Wednesday, July 28, 2004

Unverhoft komft oft? - Sebuah babak baru pencerahan

Sungguh mati aku tidak akan pernah membayangkan bisa berkenalan dengan cowok bule yang ganteng - kadang mirip Leonardo de Caprio, kadang mirip Tom Cruise - dan fasih berbahasa Indonesia pula!

Masih sangat lekat dalam benakku, waktu itu telpon kamarku berbunyi dan sebuah suara bule dengan menggunakan bahasa Indonesia menyapaku: "Tata? Apakah benar ini Tata, mahasiswa SOAS dari Indonesia? Saya hampir tidak percaya ketika Adriana memberitahu ada seorang mahasiswi Indonesia yang tinggal di hall yang sama dengan saya. Saya Christian. Saya baru saja kembali dari Belanda. Kita harus bertemu."

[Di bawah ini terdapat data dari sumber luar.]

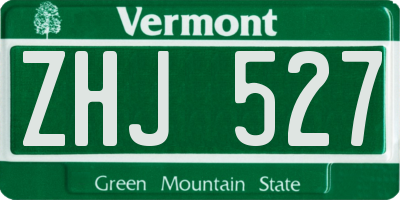 VT license plate ZHJ527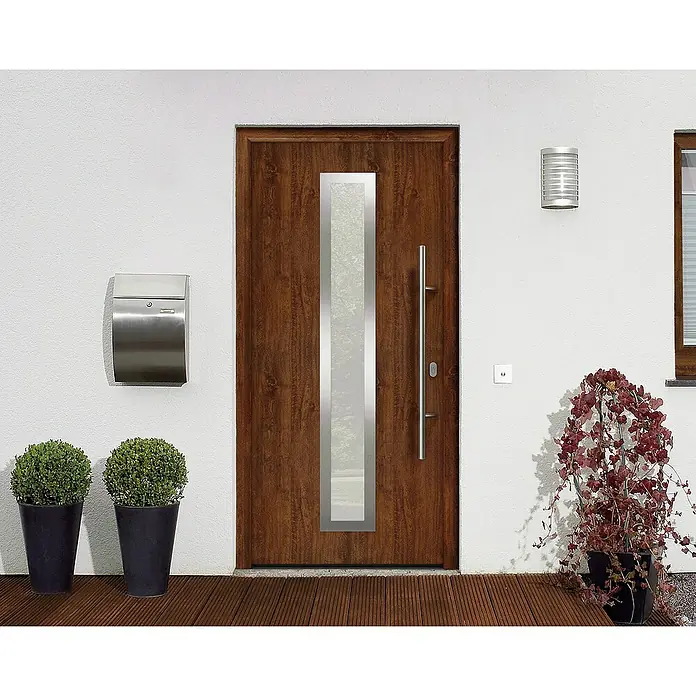 Hörmann EcoStar Haustür ISOPRO IP 700S - 110 x 210 cm, DIN Anschlag: Rechts, Dark Oak - Eine moderne Haustür aus Holz mit einem vertikalen Glaseinsatz, elegantem Griff und einer robusten Bauweise.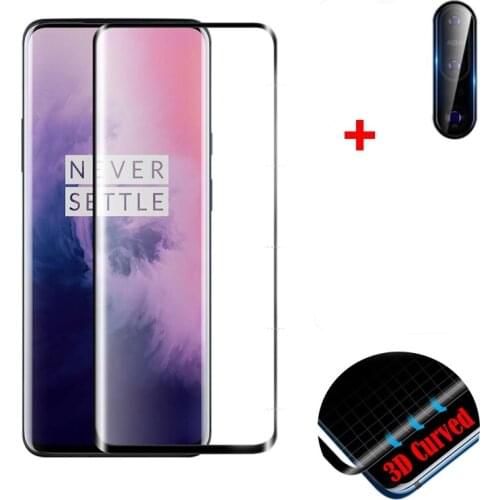3D Full Curved Full Coverage Tempered Glass for OnePlus 7T 7 6T 6 5T 5 Screen Protector + Camera Lens Protector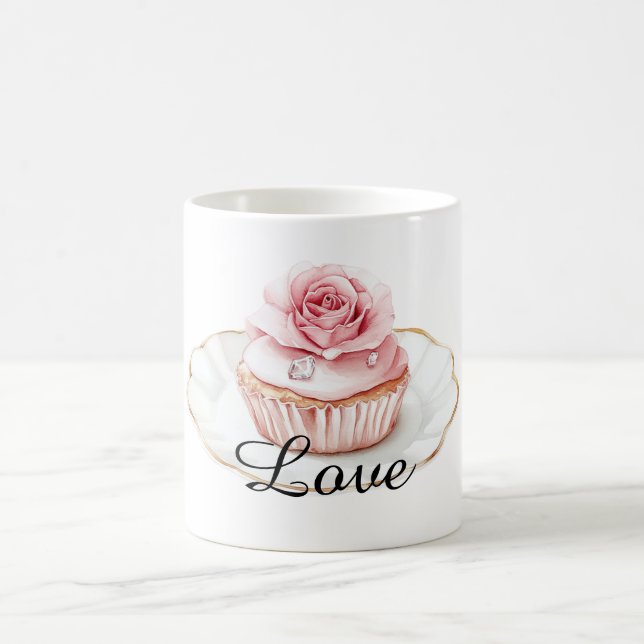 Mug Joli Muffin Floral Rose Rose Rose (Centre)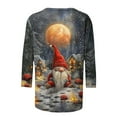 thumbnail image 5 of Craaazy Christmas Tops for Women Christmas Holiday Print 3/4 Sleeve Xmas Blouse Gifts, 5 of 5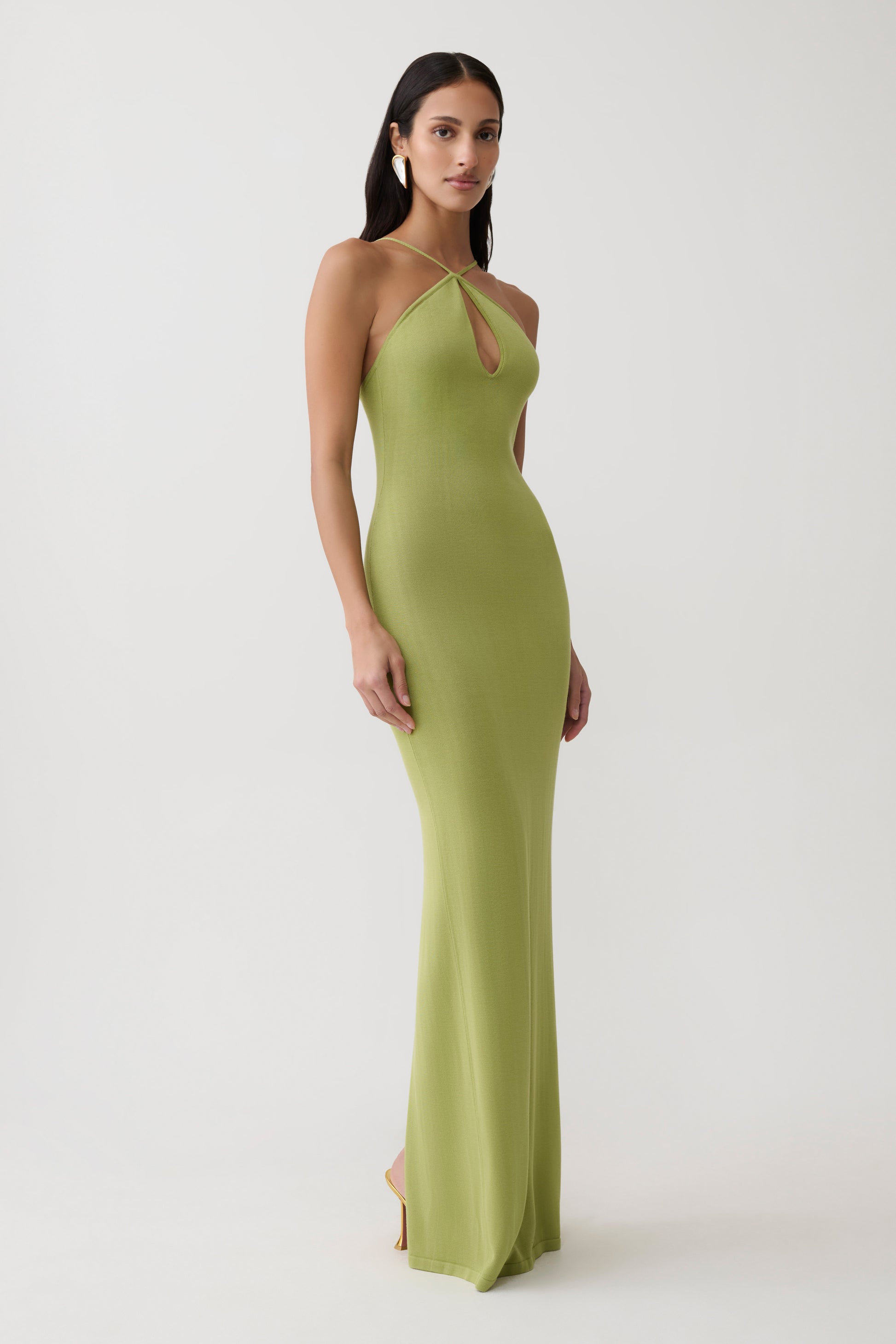 Ashtin Cross Front Knit Maxi Dress - Olive #5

Maka kamipun bertemu, dan masih lekat pula dalam ingatanku, waktu itu aku dengan naifnya bertanya: "Christian, kamu tidak seperti orang Indonesia." Dengan senyumnya yang mungkin akan membuat gadis-gadis muda - aku tidak termasuk karena aku sudah termasuk STNK dan memang sampai waktu itu tidak pernah tertarik bule - bertekuk lutut, dan matanya yang jenaka menggoda ia menyahut:"Memang saya bukan orang Indonesia, saya orang Jerman!" Diikuti dengan tawanya yang sedikit aneh, yang belakangan dia sebut sebagai 'my nasty laugh'.

Ah, ah, orang Jerman satu ini memang luar biasa. Ia bukan saja pintar bahasa Indonesia, tapi juga mendalami satu adat istiadat dan budaya satu suku di Indonesia, menghayati budaya perang suku tersebut hingga ia diangkat anak oleh seorang panglima perang dalam suku itu. Kamarnya penuh dengan segala sesuatu yang berbau Indonesia dan berbau suku tersebut. Untuk sebagian orang, kamar itu terkesan mistis, gelap, kelabu, dan berbau tidak menyenangkan, bau rokok kretek! Memang, dia hanya bisa menghisap rokok Jisamsu, Gudang Garam dan Sampurna. Kalau dia sudah mulai menghisap rokok Marlboro, berarti pikirannya sedang kacau dan tidak beres, atau dia sedang bokek, karena biasanya ia mendapatkan rokok jenis itu dari tetangga flatnya, seorang gadis Rusia yang hampir tidak pernah bicara, kecuali mengangkat alis dan merokok di dapur...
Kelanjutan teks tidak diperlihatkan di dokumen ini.